To Be or Not To Be

A little kingdom I possess,
Where thoughts and feelings dwell;
And very hard the task I find
Of governing it well.
~ Louisa May Alcott

...that more or less describes my situation!

~A Wise Man Said~

It is the mark of an educated mind to be able to entertain a thought without accepting it.
~ Aristotle

Saturday, October 16, 2021
 

A while ago, someone I look up to, gave me a piece of advice. He said I should pick my battles because if everything is important to me then it could seem like nothing is. I understood his point but my counterpoint is this: we cannot be who we are in one thing or big things, it permeates everything if they are genuinely and earnestly held values. As Aristotle said, excellence is not an act but a habit and I become who I am because I follow through my principles consistently. It's to say that if I care about honesty, I am going to be motivated to be honest in general, not one day when hundreds of lives are at stake because that's who I am. If I think critically, I am going to apply it generally, not just in a high stakes essay.

However, lately I feel that my approach and the world I live in are not in sync. If I were living in ancient Greece where everyone was concerned about living a virtuous life and where engaging in philosophical contemplation was the highest form of life or life well lived, I would be living in my kind of world indeed. But the truth is I am living in a world where the average person's concerns stretch to how to spend the weekend, and beyond that to other materialistic life goals that are hard enough to achieve. Of course I have enough materialistic goals myself to make light of them. My point is not about having those goals but rather than people in today's world are all consumed by them. Thinking for the sake of learning or pursuing inquiry for the sake of discovery might be deemed a waste of time or time that doesn't fall into either fun or gain. It does fall into fun/pleasure/gain for me. It is why it never crosses my mind that I need to "pick a battle" or choose the things I belabour about because I don't see it as a battle at all; I see it as critical thinking or learning or discovering, for myself and the other person.
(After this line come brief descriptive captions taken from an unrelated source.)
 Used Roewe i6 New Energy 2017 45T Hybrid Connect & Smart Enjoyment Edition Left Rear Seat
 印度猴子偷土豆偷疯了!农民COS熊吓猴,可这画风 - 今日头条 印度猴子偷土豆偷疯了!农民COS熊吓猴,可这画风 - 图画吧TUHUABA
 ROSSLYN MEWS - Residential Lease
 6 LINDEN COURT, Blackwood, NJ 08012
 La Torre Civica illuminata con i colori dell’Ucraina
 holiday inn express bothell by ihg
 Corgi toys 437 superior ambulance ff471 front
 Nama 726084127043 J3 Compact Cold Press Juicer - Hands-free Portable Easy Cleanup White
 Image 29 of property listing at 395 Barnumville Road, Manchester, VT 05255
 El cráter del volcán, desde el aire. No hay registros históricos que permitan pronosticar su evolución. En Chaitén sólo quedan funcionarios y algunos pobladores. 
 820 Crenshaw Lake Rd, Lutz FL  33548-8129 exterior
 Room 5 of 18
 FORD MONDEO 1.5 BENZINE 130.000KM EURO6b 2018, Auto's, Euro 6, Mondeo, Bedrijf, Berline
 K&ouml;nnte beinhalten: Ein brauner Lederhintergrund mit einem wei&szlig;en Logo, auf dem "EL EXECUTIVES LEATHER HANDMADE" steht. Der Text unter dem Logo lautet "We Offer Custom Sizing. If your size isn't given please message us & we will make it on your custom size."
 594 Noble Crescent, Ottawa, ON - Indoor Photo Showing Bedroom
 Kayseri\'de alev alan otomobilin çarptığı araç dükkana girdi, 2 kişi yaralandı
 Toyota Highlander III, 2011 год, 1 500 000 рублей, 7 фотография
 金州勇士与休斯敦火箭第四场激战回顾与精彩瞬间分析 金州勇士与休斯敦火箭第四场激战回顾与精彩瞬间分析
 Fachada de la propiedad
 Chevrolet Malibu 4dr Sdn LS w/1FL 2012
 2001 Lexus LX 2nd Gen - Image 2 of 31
I am realising though that because I am at cross-purposes with others who want to simply get on with the everyday business of living life instead of wrestling with intellectual or moral or analytical conundrums, I need to modify my approach. Mainly because if there is no mutual pleasure in these explorations or no mutual concern with developing rigorous thinking habits, it is not something to be imposed on others. The question is how do I not lose myself while being respectful of others' divergent priorities? That's something I am chewing on. One technique could be to ponder or dive deep about things on my own without involving other people (unless they show interest)--which is where this blog comes in too. If they say something that is blatantly misguided, I could consider how important that particular point is in the overall scheme of things. Obviously to me it is very important because I'd rather know than not know. But like I said, such is not the case for most. There is a higher likelihood they will take offence or wonder why I am analysing such a small thing. In other words, I need to pick my battles. I need to think of ways to at least appear more in sync with the world if I am to not constantly collide with it, while keeping a space within myself to engage in what gives me true happiness.